# Abs of Summer 2011



## rbuecker (Feb 21, 2011)

I've decided to log my journey through an ab workout that is basically a 90 day routine, with a 6 days on 1 day off approach. For this mission, I'm going to put any 3/4 day splits on hold until I get a better feel of its direction and demands on my system.

I have never explicitly worked my core.  For the last number of years, I relied on thinking that squats and deadlifting and other exercise would be enough to get abs.  I have no idea why, but I also avoided crunches to avoid working hip flexors.  Very stupid, but I'm moving past that now and hitting core heavy- which basically means intensity.  This means working past the lower back pain and ultimately replacing it with the burning pain of a good damn workout.

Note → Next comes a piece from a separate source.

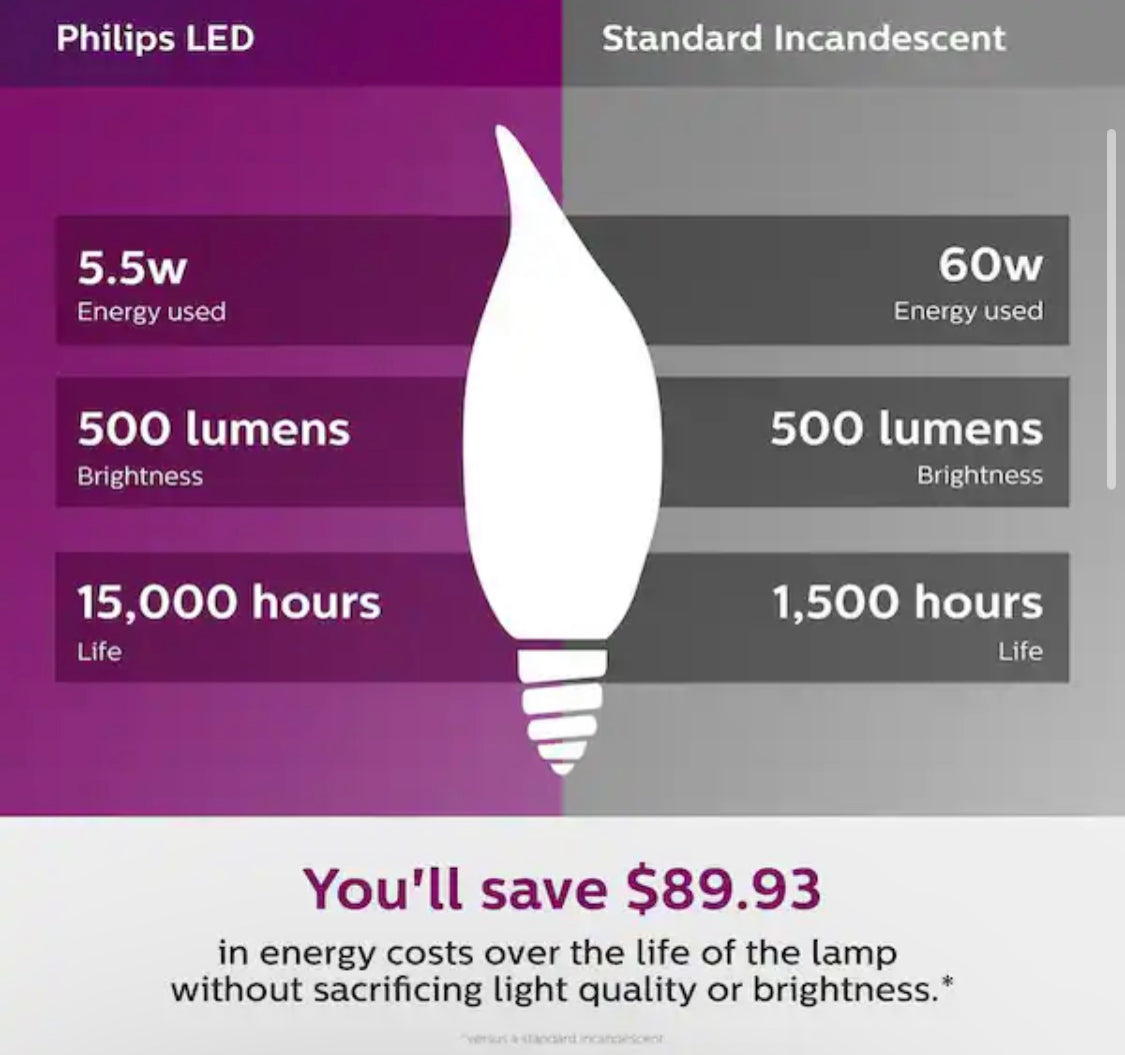 Philips 60-Watt Equivalent B11 Dimmable Edison LED Candle Bulb, Glass Bent Tip, E26 Medium Base, Daylight 5000K, 3-Pack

I will be missing some of these days due to friends birthdays, the occasionally chaotic work schedule, and unforeseen circumstances.  Saying this is the only way to keep my stress and cortisol levels down when crap hits the fan, because I really really REALLY HATE missing a workout.

Diet will be about 2700 calories to start (40/40/20) and we'll see how energy levels are and adjust from there.

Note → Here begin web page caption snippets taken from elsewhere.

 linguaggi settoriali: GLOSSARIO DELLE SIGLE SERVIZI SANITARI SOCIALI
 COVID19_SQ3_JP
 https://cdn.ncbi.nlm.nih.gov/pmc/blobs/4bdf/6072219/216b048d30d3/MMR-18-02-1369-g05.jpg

This morning I weighed in at 183 (at 6'1", not likely to change anymore).  For the record I'm 31 until August.

I plan to post pics mostly for myself to notice the gradual changes, because I'd really like to know if this is going to do what I want it to.  I'm in it 100% until the end and we'll see what's at the end of this chapter when the time comes.

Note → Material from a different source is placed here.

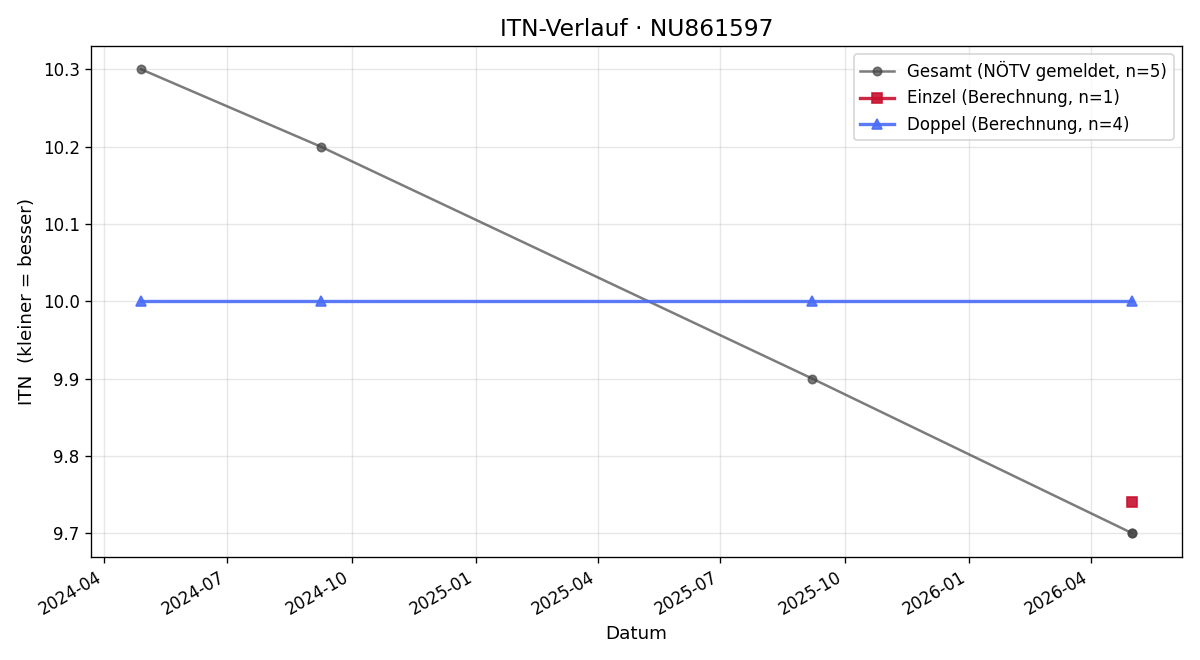 ITN-Verlauf Emma Popovic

I can already tell that it's going to be more difficult working the lower abs at first because simply, they're not there.

Thanks to all who post comments questions praise and/or criticism, and even those who just pass by.

Robert


----------



## rbuecker (Feb 21, 2011)

Reserved for photo updates.


----------



## rbuecker (Feb 21, 2011)

YouTube Video











Gettin ready to tear this shit up son!


----------



## Phineas (Feb 21, 2011)

You should apply 5/3/1 for your abs. 

Nah just kidding. But seriously, an ab journal? It sounds like you were on the right path before with squats and deadlifts. Hell, looking at your pic I can see you have well developed abs. You just need to lower your BF. That's all abs are about. The bigger the muscle the more they'll show, regardless of BF. But, the lower BF the better they'll show.

How much were/are you deadlifting and squatting? You may not have gone far enough to see the results. I can't see much else from that pic but it seems you're not the most built guy (not sure though??). Exercises like squats and deads develop all the muscles, but they do so evenly. Abs will develop but so will legs, back, and chest (when doing bench, as well...squats and deads won't really do anything for that one area). However, if you're really just wanting a certain few muscles to show then ya they probably won't give you the results YOU want terribly fast. If you want crazy abs and arms but nothing else then you might as well curl and do situps, but nothing else will be developed. 

If you take the big lift approach, train smart, rest plenty, and eat a lot you'll get good abs, but remember if you never got your weight past a certain number your muscles will have only developed to a certain point. I don't do direct ab work as of a year and a half ago but mine are more developed and stronger because all my major lifts have since increased dramatically. My abs were a certain size when I was squatting 155 for 5 and doing ab training 3x a week in my broskie days but they're more developed now when I squat 220 for 12, deeper, and ignore direct ab work. 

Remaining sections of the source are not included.